Open source and platform ecosystems under strain

The flood of low‑quality AI PRs and automated bug reports is choking maintainers. cURL’s creator Daniel Stenberg shut down a six‑year bug bounty after being overwhelmed by AI‑generated false reports; he described the influx as a DDoS on open source. Projects including Ghostty and tldraw have tightened contribution rules. GitHub in February 2026 added repository settings to disable or restrict pull requests — a platform‑level “off switch.” Meanwhile, app stores are seeing a surge in submissions: US iOS app releases rose sharply in late 2025, feeding a tide of cheaply produced apps that can be re‑issued at minimal cost when rejected. Tencent Technology (腾讯科技) and others have sketched the same chain: low entry cost, massive volume, and disproportionate downstream review burden.

Cost asymmetry demands new guardrails

Research raises doubts about the efficiency gains claimed for AI coding: a randomized study found AI tools lengthened task completion time for experienced developers, despite participants believing they were faster.
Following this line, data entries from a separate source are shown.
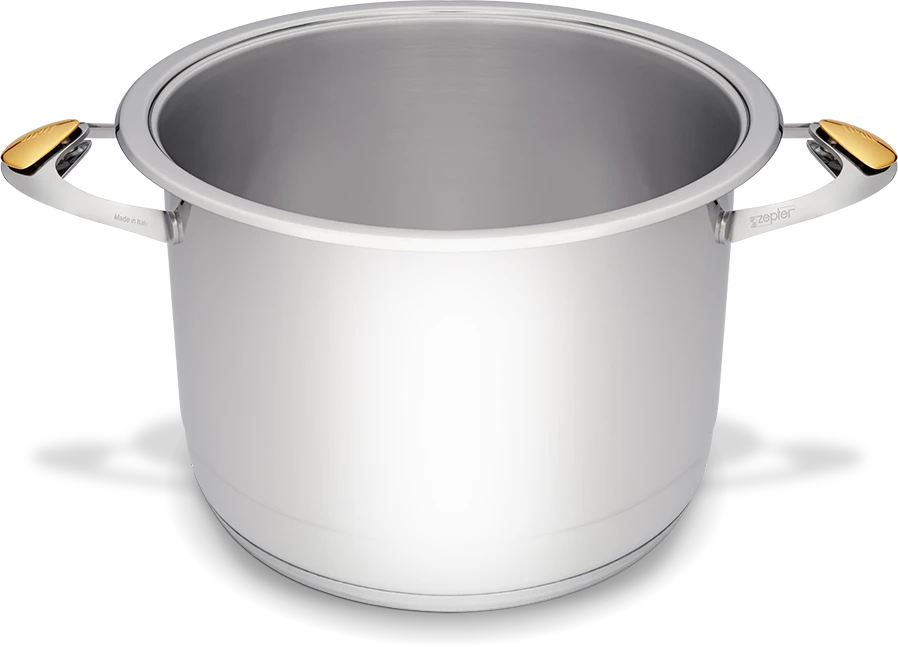 "Zepter" Puodas, 5.5 l, Ø24cm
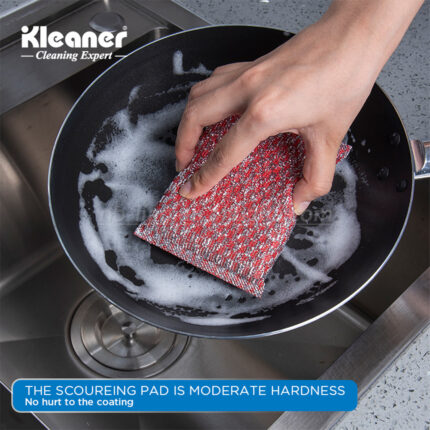 Spužvica za Pranje Posuđa Kleaner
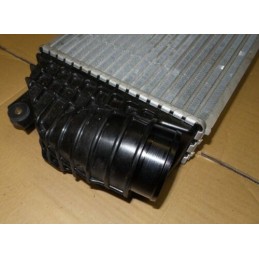 2016 SUBARU LEVORG 1.6 INTERCOOLER RAD SIC-TM0200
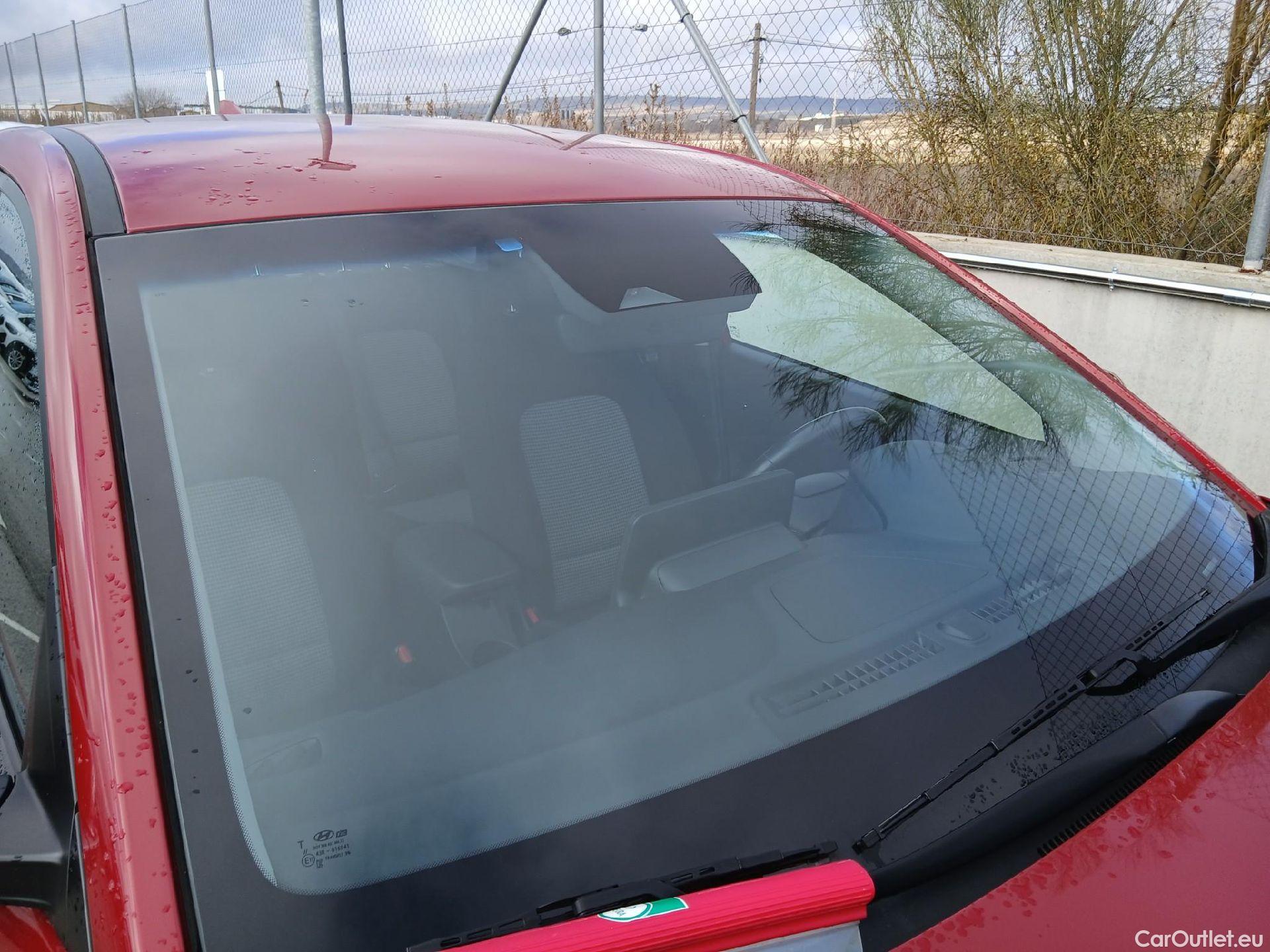  Hyundai  Konna HYUNDAI Kona / 2020 / 5P / todoterreno 1.0 TGDI Klass 4X2 #2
Analysts warn that as generation costs collapse and review costs remain fixed, the system is unbalanced — RedMonk’s Kate Holterhoff dubbed the phenomenon “AI Slopageddon.” This is not just a technical problem; it sits against a backdrop of heightened geopolitical scrutiny of advanced AI, export controls and platform policy debates that will shape how tools are governed. Platforms, enterprises and regulators now face a simple choice: build incentives and controls that force responsibility, or watch the maintenance and security debt pile ever higher. Who will pay for cleaning up the mountain of bad code?